In the fields of assisted reproductive technology or animal reproductive biotechnology, oocytes are often activated artificially before or after injection of defective spermatozoa [1], round spermatids [2], or somatic cell nuclei [3]. However, artificially activated oocytes show poor embryonic development and a lower birth rate compared to natural fertilization with mature spermatozoa. The poor birth rate is thought to be due to defective sperm cell nuclei or the incomplete reprogramming of donor cell nuclei. However, it is also possible that poor development is caused by artificial activation of oocytes rather than a defect in sperm nuclei or somatic cells. If this is the case, then improving the activation method would improve the offspring birth success rate.

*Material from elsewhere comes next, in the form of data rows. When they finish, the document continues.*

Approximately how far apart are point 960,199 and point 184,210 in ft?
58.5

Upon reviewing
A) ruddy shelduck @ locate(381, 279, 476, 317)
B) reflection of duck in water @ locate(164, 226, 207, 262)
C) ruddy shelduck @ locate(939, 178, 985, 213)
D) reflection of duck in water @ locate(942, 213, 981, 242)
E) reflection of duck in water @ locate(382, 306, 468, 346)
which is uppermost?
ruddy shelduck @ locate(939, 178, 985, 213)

Suitable oocyte activation methods differ between species. While strontium chloride (SrCl2) is one of the most efficient activation methods for mouse oocytes [4, 5], electric pulses or calcium (Ca2+) ionophores are more efficient for porcine, bovine, or human oocytes [6,7,8]. However, the activated oocytes have a physiological reaction that differs from oocytes naturally activated by mature spermatozoa even when using an appropriate activation method. When normal spermatozoa penetrate the oocyte, the oocyte initiates repetitive increases in intracellular Ca2+ concentration (Ca2+ oscillations) and resumes its meiotic cell cycle to exit metaphase II (MII) [9, 10]. This process is triggered by a sperm factor known as sperm-specific phospholipase C zeta (PLCζ) [11]. On the other hand, the pattern of Ca2+ oscillation differs when oocytes are activated by electrostimulation or EtOH stimulation [12, 13]. Some oocytes undergo lysis during this treatment [3] when oocytes are activated by Sr, but a relatively similar Ca2+ oscillation occurs in them [9].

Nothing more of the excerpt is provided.